Murat Mizov and Rustam Kalibatov at a Spartak Nalchik - CSKA Moskva match in 2011 [Courtesy of R.W.D.] 
Murat Mizov and Rustam Kalibatov at a Spartak Nalchik – CSKA Moskva match in 2011 [Courtesy of R.W.D.] 

Antifa, politics and football

The Antifa movement never managed to establish a foothold in the stadiums of major football clubs. One by one, the Antifa ultras clubs of lower division teams also disappeared, leaving Red-White Djigits as the last one standing. Antifa fans and smaller anonymous groups continue to show up at Russian stadiums but none have managed to establish a lasting visible presence.

According to one Antifa football fan of Lokomotiv Moskva, this is because the far right is too strong.

“Given the dominance of the far right in stadiums in Russia, it is difficult to push in anything new,” says Leonid, who asked that his real name not be mentioned. “[The problem is] that those who tried to form Antifa groups were not real football fans.”

Many Antifa activists would support a football team just so that they could challenge far-right groups or start fights with them, he says.

Leonid himself is part of a group called Lokomotiv Moscow Action (LMA), which has attracted two dozen Lokomotiv fans, many with leftist and Antifa views, who have decided to keep politics out of the stadium. LMA is the ideological successor of another ultras group called REACTIVE which existed for about eight years before disbanding after a conflict with a major far-right fan group in 2012.

Leonid and his fellow LMA members still hide their identities out of fear of being attacked by other ultras, but he says far-right politics at the Lokomotiv stadiums and elsewhere have been weakened.

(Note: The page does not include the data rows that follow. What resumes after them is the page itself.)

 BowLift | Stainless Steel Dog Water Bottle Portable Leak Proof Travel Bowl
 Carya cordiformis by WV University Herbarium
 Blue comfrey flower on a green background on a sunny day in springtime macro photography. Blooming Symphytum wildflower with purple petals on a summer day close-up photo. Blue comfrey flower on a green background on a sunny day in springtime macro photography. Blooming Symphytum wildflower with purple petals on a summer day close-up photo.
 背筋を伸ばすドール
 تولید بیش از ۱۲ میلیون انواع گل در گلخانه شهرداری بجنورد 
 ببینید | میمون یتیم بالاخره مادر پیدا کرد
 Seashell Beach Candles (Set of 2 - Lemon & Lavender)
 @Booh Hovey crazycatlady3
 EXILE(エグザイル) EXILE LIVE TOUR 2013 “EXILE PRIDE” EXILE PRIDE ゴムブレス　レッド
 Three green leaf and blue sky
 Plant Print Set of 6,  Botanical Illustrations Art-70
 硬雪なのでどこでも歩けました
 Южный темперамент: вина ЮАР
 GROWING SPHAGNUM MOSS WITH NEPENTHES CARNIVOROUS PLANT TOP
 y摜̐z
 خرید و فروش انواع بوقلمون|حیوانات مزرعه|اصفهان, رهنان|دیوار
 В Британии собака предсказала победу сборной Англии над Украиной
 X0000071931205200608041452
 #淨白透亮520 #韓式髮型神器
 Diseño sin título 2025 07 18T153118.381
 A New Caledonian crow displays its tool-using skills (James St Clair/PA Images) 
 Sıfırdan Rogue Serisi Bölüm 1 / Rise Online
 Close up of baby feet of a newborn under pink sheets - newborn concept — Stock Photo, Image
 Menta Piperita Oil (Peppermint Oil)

This trend started with the crackdown in the mid-2010s on the far-right movement after parts of it decided to support the Ukrainian Maidan. The decimation of the All-Russian Union of Football Supporters, the official organisation that represented Russian ultras, following the violent clashes between Russian and English fans during Euro 2016 and the security campaign against ultras in the run-up to Russia 2018 have also contributed to that decline.

Despite warnings by international media that violence was to be expected at the World Cup, there have not been any major incidents. According to Mizov, not even the usual nationalistic chants could be heard at Russia matches.

“With this World Cup, people see that they can enjoy the positive aspects [of the game] and that aggression is not needed,” he says.

Murat Mizov with Red-White Djigits ultras at a march on the way to a match between Spartak Nalchik and Amkar Perm in 2015 [Courtesy of R.W.D.] 
Murat Mizov with Red-White Djigits ultras at a march on the way to a match between Spartak Nalchik and Amkar Perm in 2015 [Courtesy of R.W.D.] 

In recent years, the Red-White Djigits have not fared well. After Spartak Nalchik lost their funding in 2012, the team dropped out of the Premier League and has been playing in lower divisions since.

As a result, many fans lost interest, and the Red-White Djigits shrank into a small group.

“In the end, this pushed away the ‘one-day fans’ and the core remained. So we now have 50-70 people, who share the same ideas as me,” says Mizov.

After 20 years of loyal fandom, he remains just as dedicated to his team and, despite the hardship, he says he will not give up.